Leave the pictures out and repeat the rest of the data below exactly.

Data segment
##############################

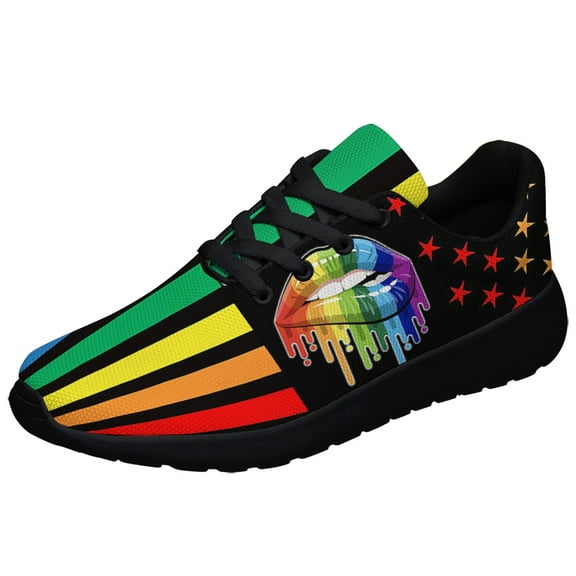 Rainbow Pride Shoes for Men Women, Unisex Fashion LGBT Gay Sneakers Lightweight Breathable Running Shoes Gift for Her Him Black Size 3.5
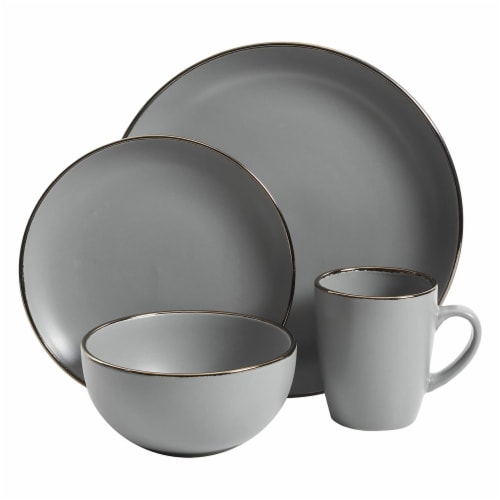 Gibson Home Rockaway Round Stoneware Dinnerware, Service for 4, Grey w/ Gold Rim Perspective: top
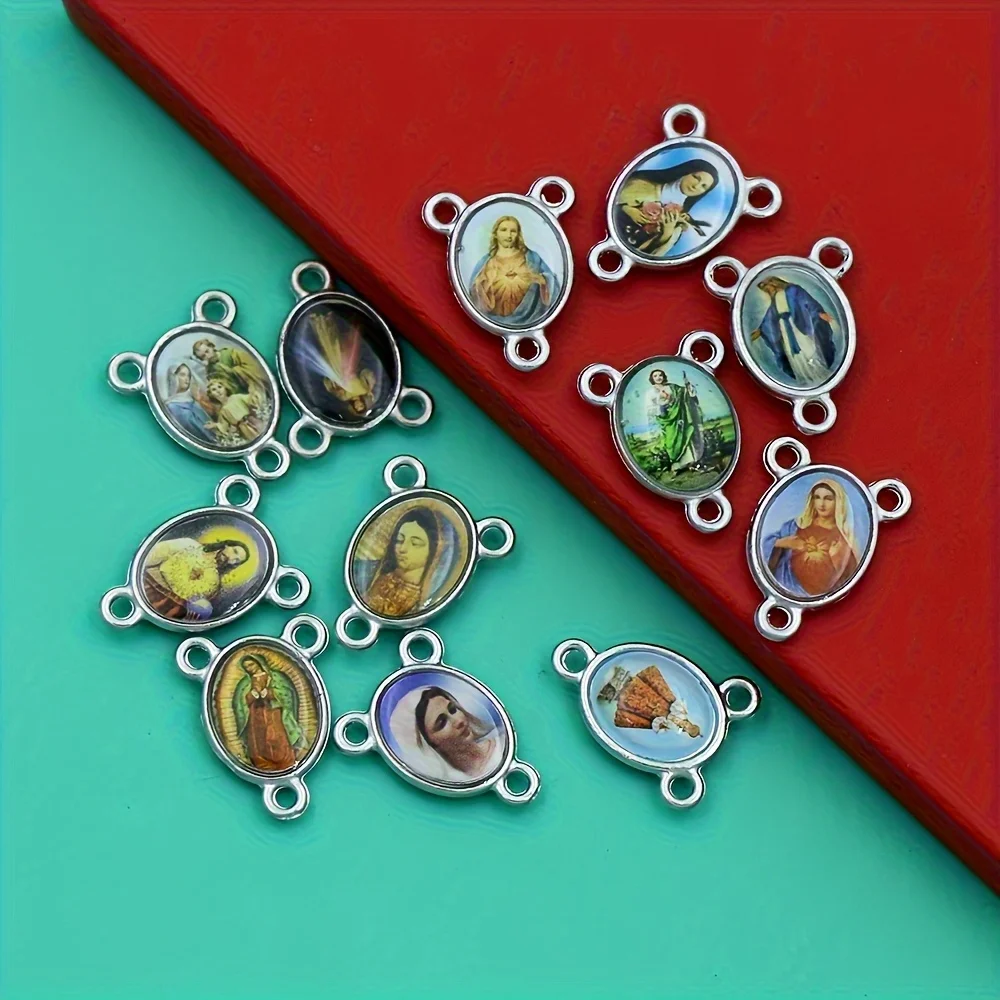 36PCS Enamel Cross Saint Mary with Miraculous Against Evil Medal Links ConnectorS for Rosary Beads Necklace  L1733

##############################

Reply to the exercise
 Rainbow Pride Shoes for Men Women, Unisex Fashion LGBT Gay Sneakers Lightweight Breathable Running Shoes Gift for Her Him Black Size 3.5
 Gibson Home Rockaway Round Stoneware Dinnerware, Service for 4, Grey w/ Gold Rim Perspective: top
 36PCS Enamel Cross Saint Mary with Miraculous Against Evil Medal Links ConnectorS for Rosary Beads Necklace  L1733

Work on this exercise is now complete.